CISA has given U.S. authorities companies till Wednesday night to safe their servers towards an SQL injection vulnerability within the Drupal content material administration system (CMS) that it flagged as actively exploited.
Drupal is often utilized by giant organizations managing large information buildings and multi-site installations, together with authorities entities, instructional organizations, main analysis universities, and high-profile enterprise and media organizations.
Google/Mandiant researcher Michael Maturi found this vulnerability (now tracked as CVE-2026-9082) in Drupal’s database abstraction API.
The safety flaw will be exploited with out authentication, permitting attackers to set off arbitrary SQL injection on PostgreSQL-powered websites by way of specifically crafted requests.
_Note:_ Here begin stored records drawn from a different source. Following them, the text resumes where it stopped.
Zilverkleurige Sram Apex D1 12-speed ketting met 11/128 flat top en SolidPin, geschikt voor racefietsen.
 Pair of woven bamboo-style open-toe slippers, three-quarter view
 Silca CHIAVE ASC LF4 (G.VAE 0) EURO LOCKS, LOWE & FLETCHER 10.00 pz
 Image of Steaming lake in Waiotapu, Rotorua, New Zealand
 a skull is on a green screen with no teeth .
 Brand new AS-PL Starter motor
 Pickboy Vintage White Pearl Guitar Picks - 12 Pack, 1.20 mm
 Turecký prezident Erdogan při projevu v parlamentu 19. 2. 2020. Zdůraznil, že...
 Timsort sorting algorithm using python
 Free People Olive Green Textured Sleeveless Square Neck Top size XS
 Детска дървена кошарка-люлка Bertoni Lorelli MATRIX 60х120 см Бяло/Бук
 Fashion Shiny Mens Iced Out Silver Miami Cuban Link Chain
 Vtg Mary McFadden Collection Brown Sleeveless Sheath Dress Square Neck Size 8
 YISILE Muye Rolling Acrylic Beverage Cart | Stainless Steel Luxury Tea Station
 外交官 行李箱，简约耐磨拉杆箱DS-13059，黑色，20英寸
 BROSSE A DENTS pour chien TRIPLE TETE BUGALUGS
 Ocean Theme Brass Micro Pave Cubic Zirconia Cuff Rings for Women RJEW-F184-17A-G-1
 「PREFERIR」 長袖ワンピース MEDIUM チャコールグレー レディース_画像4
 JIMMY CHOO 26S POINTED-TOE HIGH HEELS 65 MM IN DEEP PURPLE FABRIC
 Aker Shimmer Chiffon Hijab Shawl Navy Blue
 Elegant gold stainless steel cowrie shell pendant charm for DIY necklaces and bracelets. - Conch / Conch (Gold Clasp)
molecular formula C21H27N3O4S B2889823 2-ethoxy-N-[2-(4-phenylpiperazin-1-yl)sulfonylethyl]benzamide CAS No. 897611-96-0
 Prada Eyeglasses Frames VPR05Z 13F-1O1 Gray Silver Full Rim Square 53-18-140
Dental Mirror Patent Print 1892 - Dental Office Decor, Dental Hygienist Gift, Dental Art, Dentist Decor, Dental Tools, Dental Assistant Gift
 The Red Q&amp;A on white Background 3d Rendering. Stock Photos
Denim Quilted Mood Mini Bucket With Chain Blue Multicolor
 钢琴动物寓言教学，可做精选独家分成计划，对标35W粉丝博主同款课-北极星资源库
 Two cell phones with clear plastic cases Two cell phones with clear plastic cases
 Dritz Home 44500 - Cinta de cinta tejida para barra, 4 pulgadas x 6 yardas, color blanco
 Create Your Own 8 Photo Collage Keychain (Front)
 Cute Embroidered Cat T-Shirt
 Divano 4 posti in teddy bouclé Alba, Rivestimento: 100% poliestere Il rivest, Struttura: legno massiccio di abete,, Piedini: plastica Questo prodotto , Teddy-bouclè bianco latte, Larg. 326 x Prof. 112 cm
Profitable exploitation can probably result in info disclosure, privilege escalation, and even distant code execution.
The Drupal safety group tagged the flaw as “extremely important” earlier than releasing patches and confirming that exploitation makes an attempt had been detected within the wild.
Web safety watchdog group Shadowserver is now monitoring practically 670 unpatched Drupal installations uncovered on-line, most of them from North America (272) and Europe (273).
​On Friday, the U.S. Cybersecurity and Infrastructure Safety Company (CISA) added the flaw to its Identified Exploited Vulnerabilities (KEV) Catalog and ordered Federal Civilian Govt Department (FCEB) companies to patch their methods by midnight on Wednesday, Might 27, as mandated by Binding Operational Directive (BOD) 22-01.
Though BOD 22-01 applies solely to U.S. federal companies, CISA suggested all defenders, together with these within the non-public sector, to use CVE-2026-9082 patches as quickly as attainable to safe their organizations’ gadgets.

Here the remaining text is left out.